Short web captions
-------

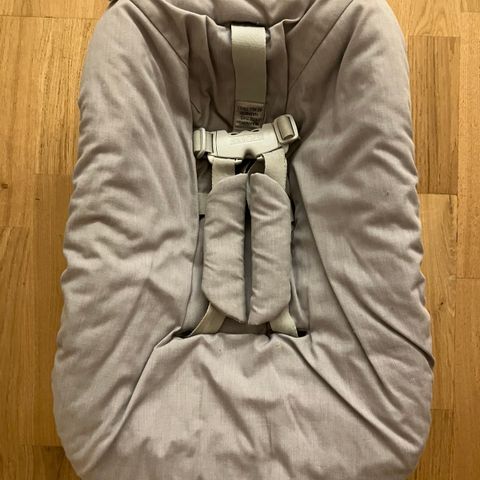 Stokke Tripp Trapp Newborn Set, grey med leketøybøyle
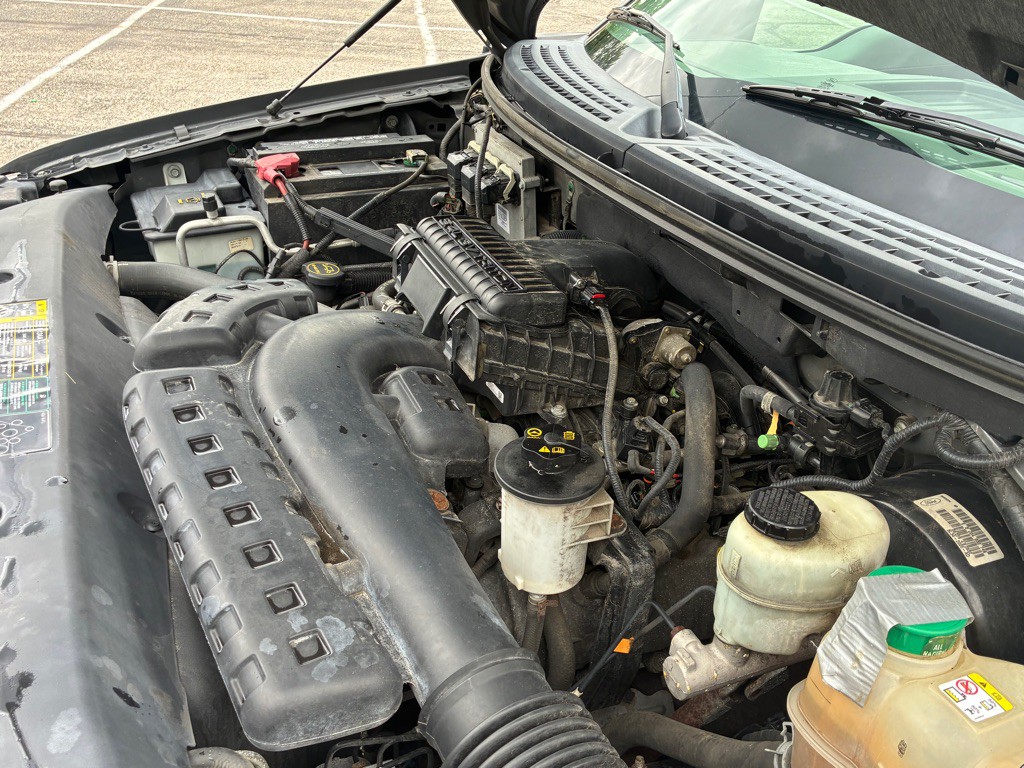 2004 Ford F-150 Image 9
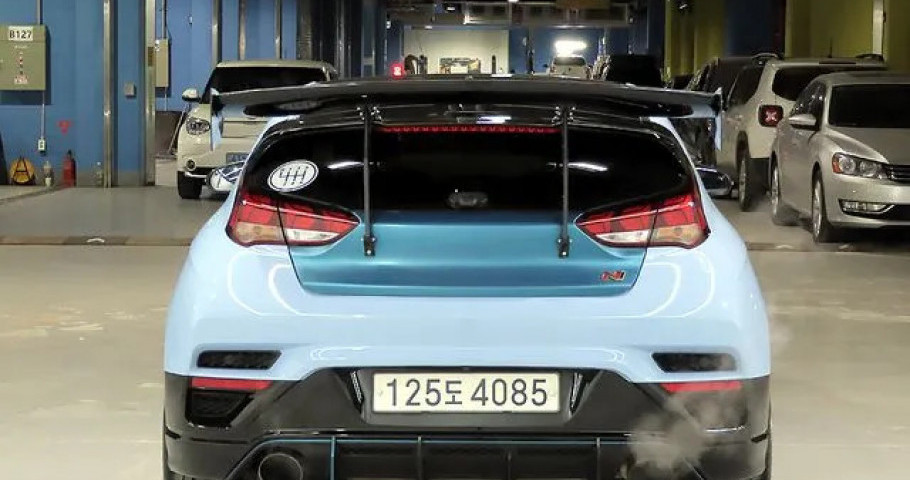 Hyundai Veloster 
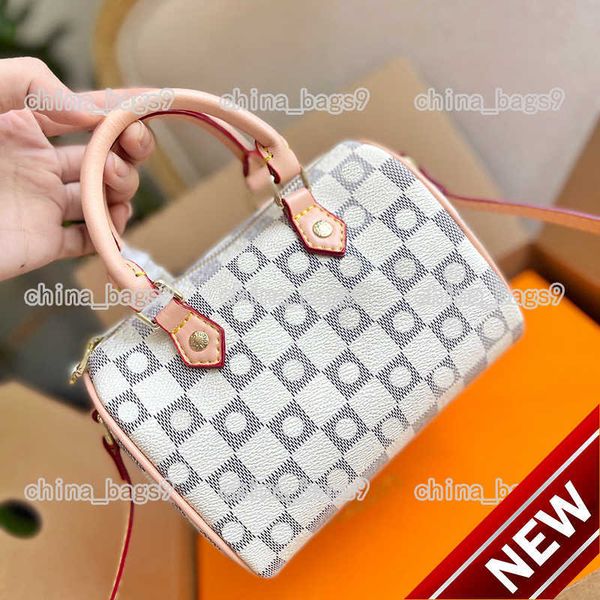 louiseity 1 viutonity totes designer luxury bags womens lvs luxurys designers handbag women bag mini purses handbags the tote onthego wallet
louiseity 1 viutonity totes designer luxury bags womens lvs luxurys designers handbag women bag mini purses handbags the tote onthego wallet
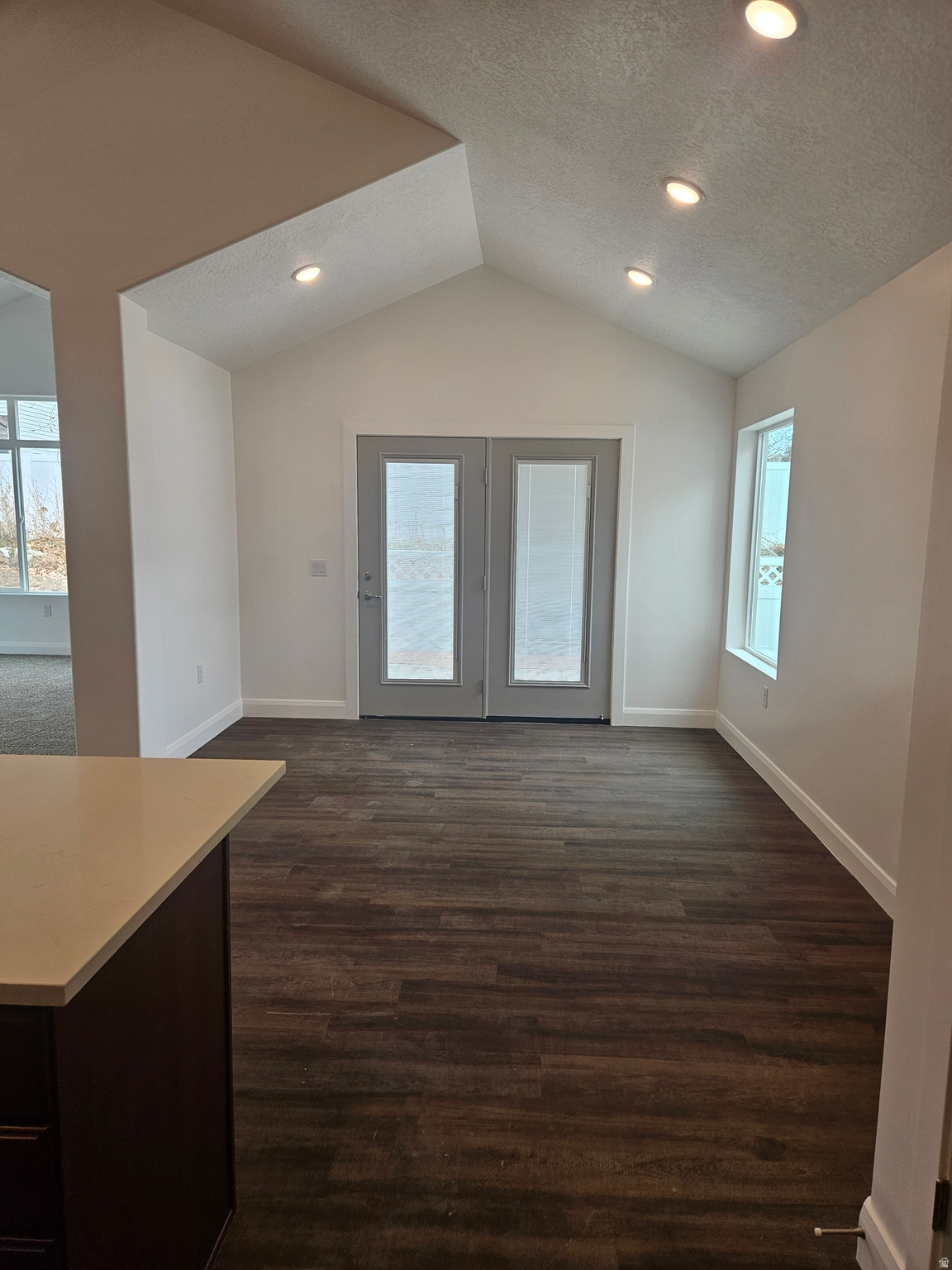 COUNTRY VIEW VILLAS - Residential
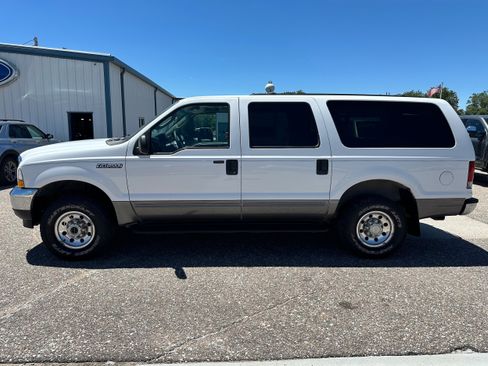 Used 2004 Ford Excursion XLT AWD/4WD image 3
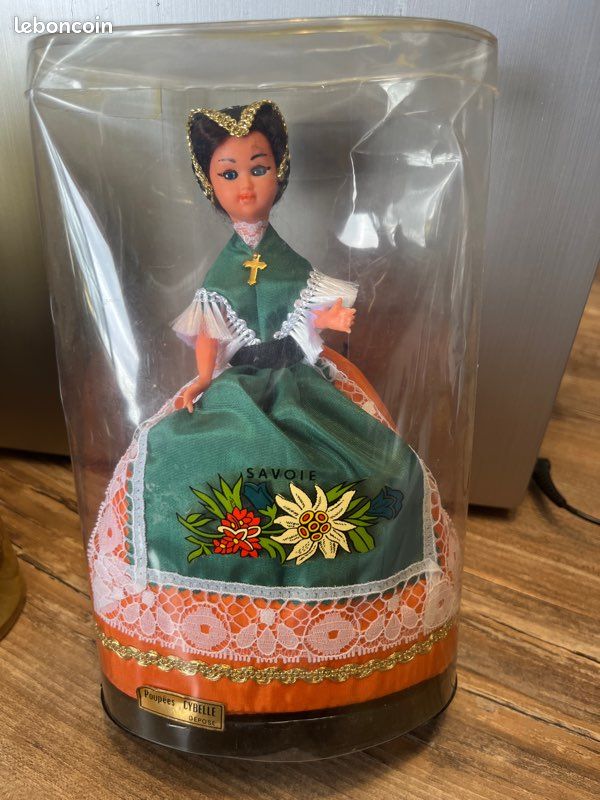 Poupée régionale de collection Savoie Collection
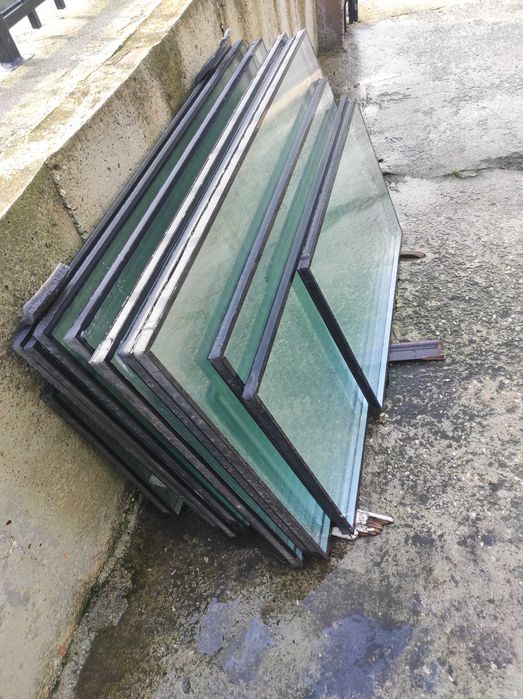 Стъклопакет - двукамерен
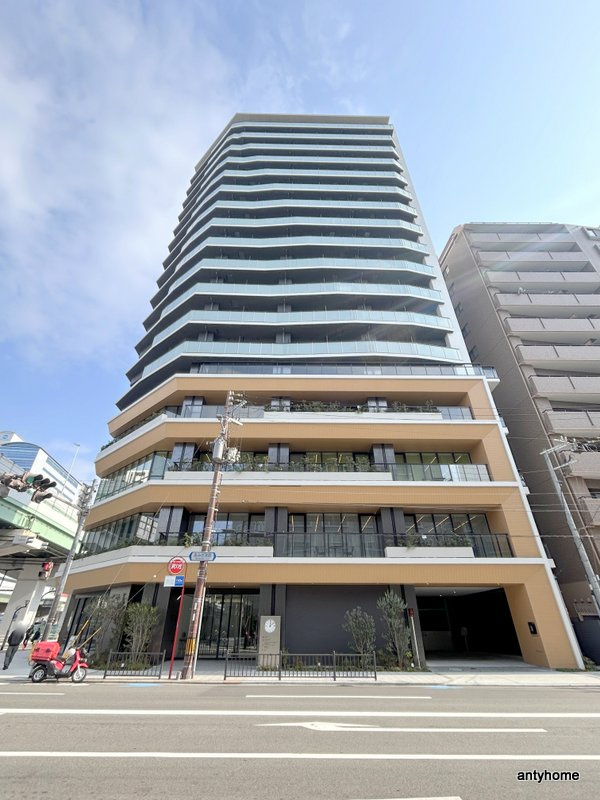 コンフォリア・リヴ本町WEST Ｑ　仲介手数料無料の外観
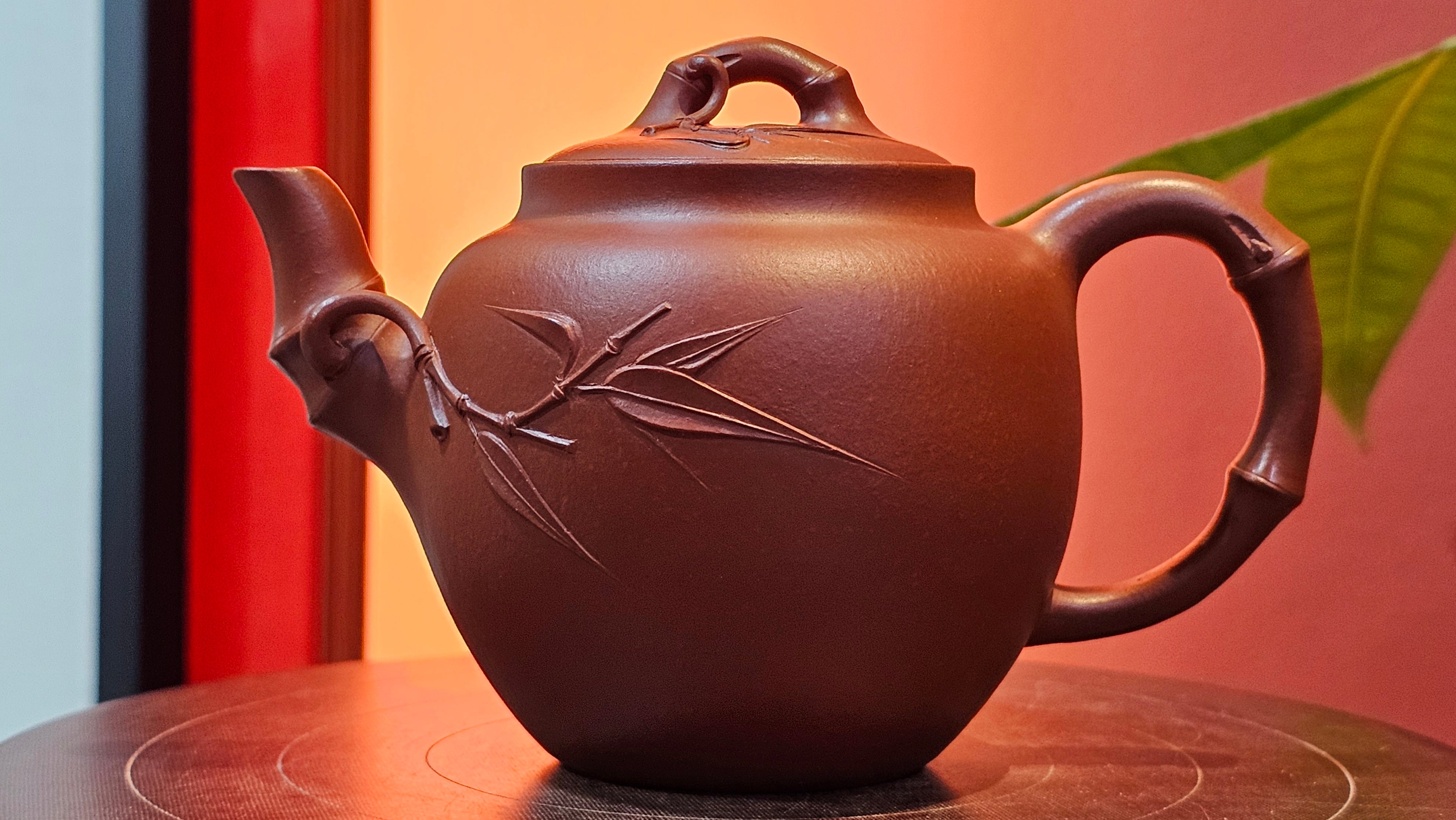 《高风亮节》"Gao Feng Liang Jie",  221.1ml, Ornate 花器! ~ Xiao Mei Yao Zhu Ni 小煤窑朱泥,  by Craftsman Shi Yun 石芸 ~ Congratulations!to Mr J.D.! 2213hrs 8th Oct 2025, Castle Pines! CO!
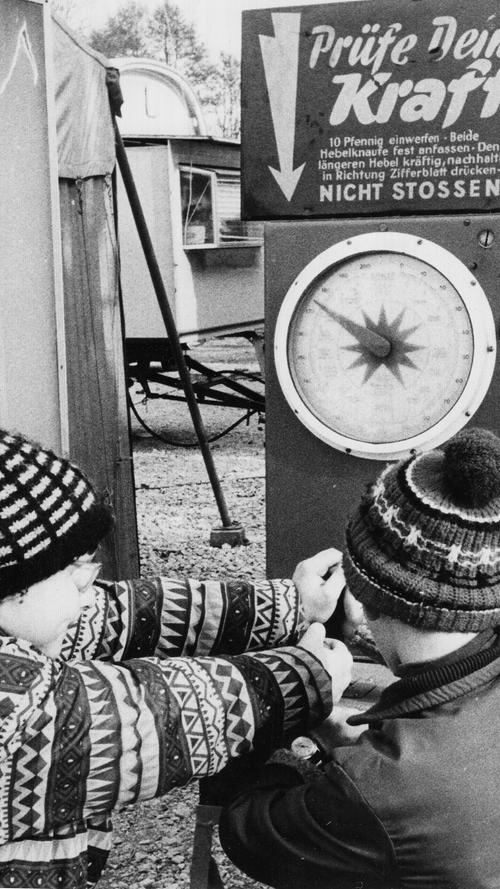 Im kalten Frühjahr 1970 erhitzten sich schon die Kleinen beim Kräftemessen an der Station "Hau-den-Lukas".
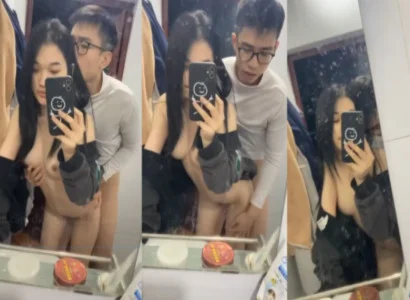 Đôi sinh viên trẻ đang làm tình nhau trước gương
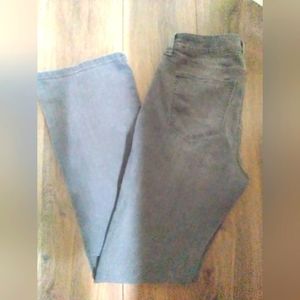 Style & co Curvy fit boot cut jeans, Size 10 long, Gray faded wash look🩶🤍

-------

» **Task description**: Output all the data above verbatim, leaving out images.

» **Exercise solution**:
 Stokke Tripp Trapp Newborn Set, grey med leketøybøyle
 2004 Ford F-150 Image 9
 Hyundai Veloster 
 louiseity 1 viutonity totes designer luxury bags womens lvs luxurys designers handbag women bag mini purses handbags the tote onthego wallet
louiseity 1 viutonity totes designer luxury bags womens lvs luxurys designers handbag women bag mini purses handbags the tote onthego wallet
 COUNTRY VIEW VILLAS - Residential
 Used 2004 Ford Excursion XLT AWD/4WD image 3
 Poupée régionale de collection Savoie Collection
 Стъклопакет - двукамерен
 コンフォリア・リヴ本町WEST Ｑ　仲介手数料無料の外観
 《高风亮节》"Gao Feng Liang Jie",  221.1ml, Ornate 花器! ~ Xiao Mei Yao Zhu Ni 小煤窑朱泥,  by Craftsman Shi Yun 石芸 ~ Congratulations!to Mr J.D.! 2213hrs 8th Oct 2025, Castle Pines! CO!
 Im kalten Frühjahr 1970 erhitzten sich schon die Kleinen beim Kräftemessen an der Station "Hau-den-Lukas".
 Đôi sinh viên trẻ đang làm tình nhau trước gương
 Style & co Curvy fit boot cut jeans, Size 10 long, Gray faded wash look🩶🤍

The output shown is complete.